■ Data for analysis:
·····

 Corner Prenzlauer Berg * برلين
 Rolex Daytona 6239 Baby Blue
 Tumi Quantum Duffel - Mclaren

·····

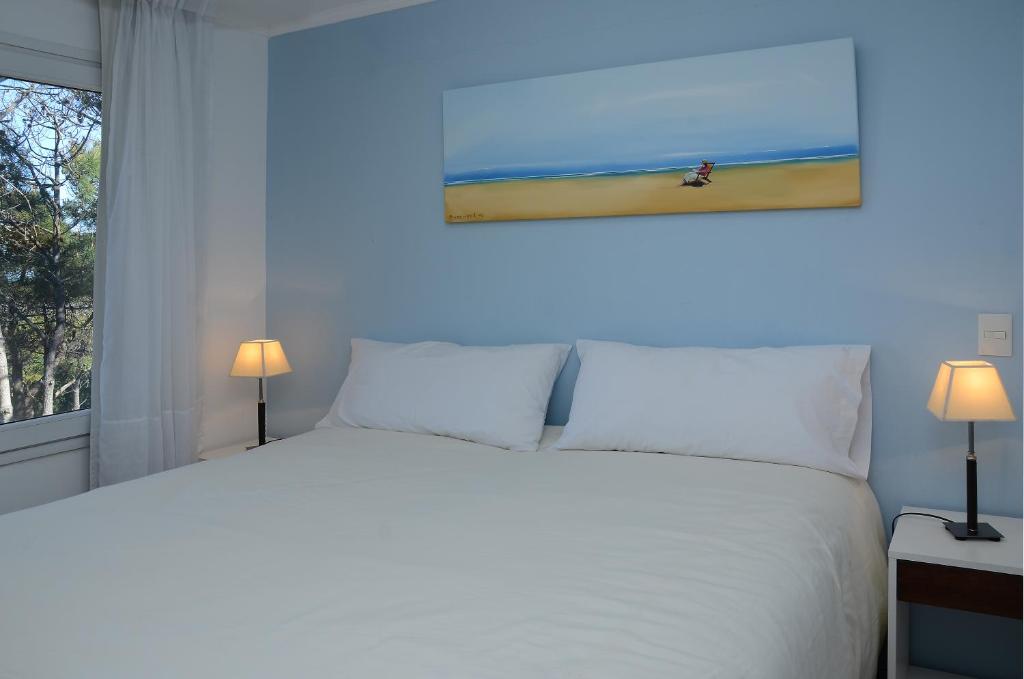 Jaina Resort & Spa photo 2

·····

■ Problem: Using the records above, set down exactly the lines from the one with "Corner Prenzlauer Berg * برلين" through the one with "Tumi Quantum Duffel - Mclaren", inclusive, and nothing more.

■ Exercise response:
 Corner Prenzlauer Berg * برلين
 Rolex Daytona 6239 Baby Blue
 Tumi Quantum Duffel - Mclaren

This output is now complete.